At 250 yrs old, the U.S. still struggles with systematic racism, as Pres. Trump re-dedicates nation to God!
“Some evils are so profound that they eclipse whatever else a person achieved“…US Bishop Talbert Swan

By James Kokulo Fasuekoi|Editor-Publisher in Monrovia, Liberia
The U.S., which is the world’s main superpower, turns 250 years old today, July 4, 2026. The nation gained her independence from Great Britain 250 years ago today, on July 4, 1776, and per its tradition, this milestone anniversary is being heavily celebrated in small and big cities across America, amid fireworks.
Like the West African nation of Liberia, where U.S. repatriated ex-slaves resettled, the United States is widely considered by many as a Christian nation, largely because, Christianity, according to research, was the main religion of America’s early European settlers.
The country’s greatness however does not only rest with its military advances or war victories, but that its greatness stands out because the U.S. remains the only nation on planet earth that gives-out-the most humanitarian aids like medicines, food and money in time of natural or man-made disasters.

Yet, beneath those stories of US’s triumph is a horrific chapter concerning her own roles played alongside nations like Portugal and Great Britain in the enslavement of millions of people of Africans descent during the Atlantic Slave Trade, centuries ago.
According to Encyclopedia Virginia, the transatlantic slave trade ran between 1517-1867, roughly some 350 or more years, during which Europeans kidnapped African men, women and children and had them ferried across the ocean and sold as slaves to “the Americas” where they worked for centuries without pay to build the new nation.

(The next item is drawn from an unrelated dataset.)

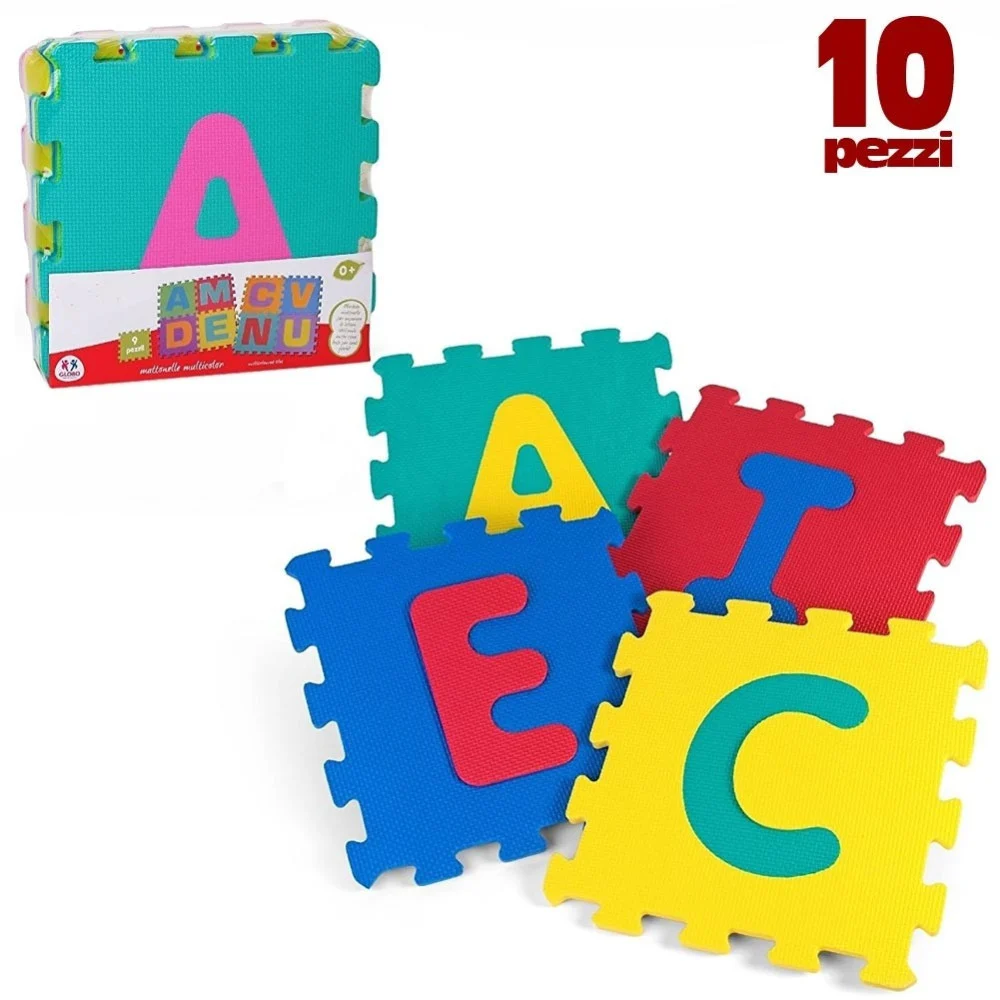 TAPPETO TAPPETINO PUZZLE LETTERE 10 PEZZI MORBIDO DIMENSIONE MATTONELLE 30X30CM - TrAdE Shop Traesio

An estimated “12.5 million Africans,” the research shows, “began the Middle Passage across the Atlantic, enduring cruel treatment, disease, and paralyzing fear aboard slave ships.”

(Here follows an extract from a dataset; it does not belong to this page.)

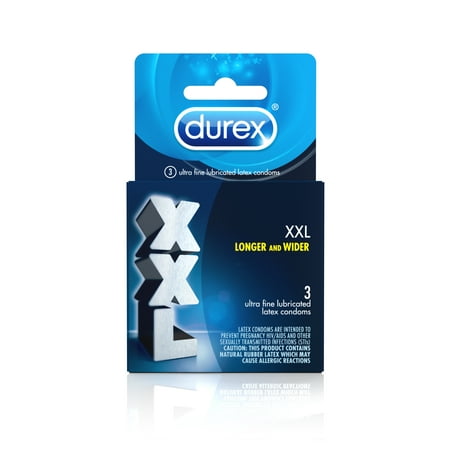 (2 Pack) Durex Condom XXL Longer & Wider Natural Latex Ultra Fine & Lubricated Condoms, 3 (Best Condoms For Natural Feel)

A chunk of this number landed in the U.S., with slave ships releasing their human cargo along the South Carolina-Georgia coasts. Caves used as holding post for “captives” enslaved Africans, are on display today, in downtown Savannah, Georgia, along River Street.
The slave trade, perhaps, the worst tragedy in human’s history, continues to haunt the U.S. and other nations that participated and benefited from the trade such as Portugal and Great Britain, and with more African and Caribbean nations affected by this scourge now joining Ghana to seek reparation from old colonial powers.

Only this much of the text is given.